- Work request: The answer is a stretch of the material below, returned exactly: the line containing "Baronka Sidonie Nádherná", the line containing "Black Flavour shots DOT 20/60ml", and all lines between.

- Entries shown:
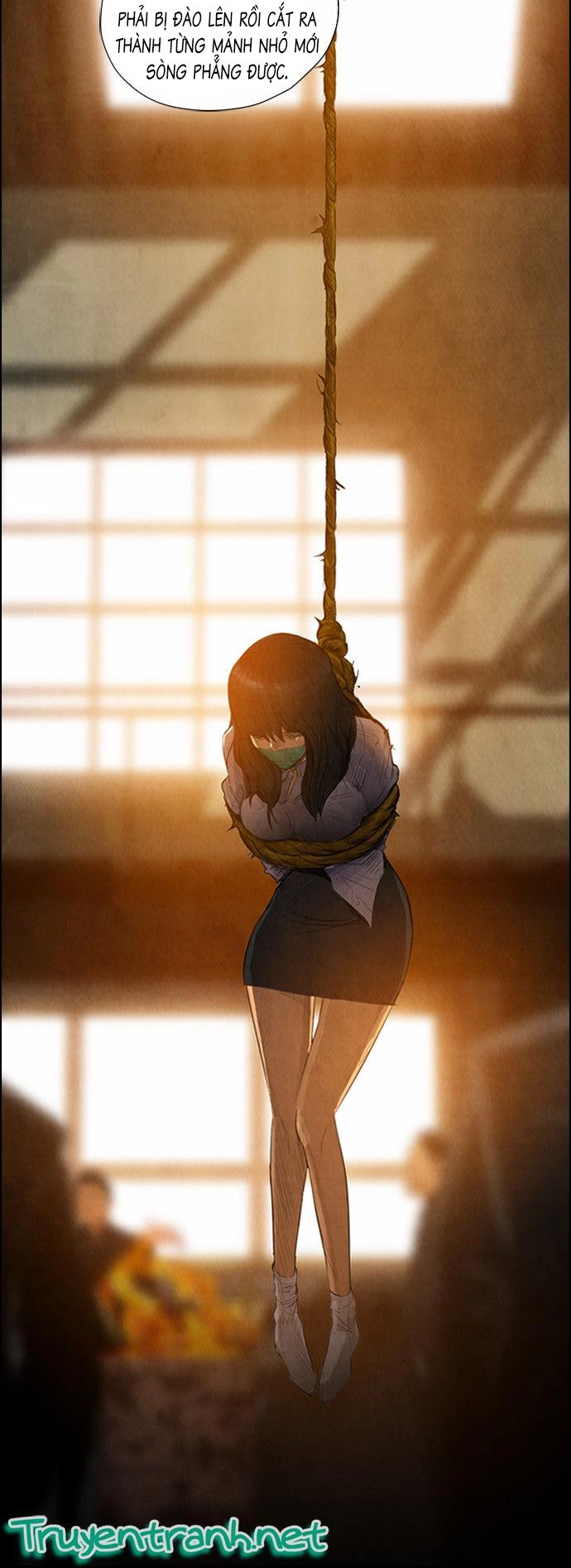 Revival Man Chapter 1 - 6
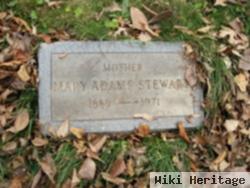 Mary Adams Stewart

---

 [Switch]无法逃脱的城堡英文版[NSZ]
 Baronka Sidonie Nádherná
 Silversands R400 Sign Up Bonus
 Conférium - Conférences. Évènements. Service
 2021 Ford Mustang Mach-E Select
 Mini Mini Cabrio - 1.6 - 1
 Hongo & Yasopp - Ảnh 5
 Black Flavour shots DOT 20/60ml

- Completed task:
 Baronka Sidonie Nádherná
 Silversands R400 Sign Up Bonus
 Conférium - Conférences. Évènements. Service
 2021 Ford Mustang Mach-E Select
 Mini Mini Cabrio - 1.6 - 1
 Hongo & Yasopp - Ảnh 5
 Black Flavour shots DOT 20/60ml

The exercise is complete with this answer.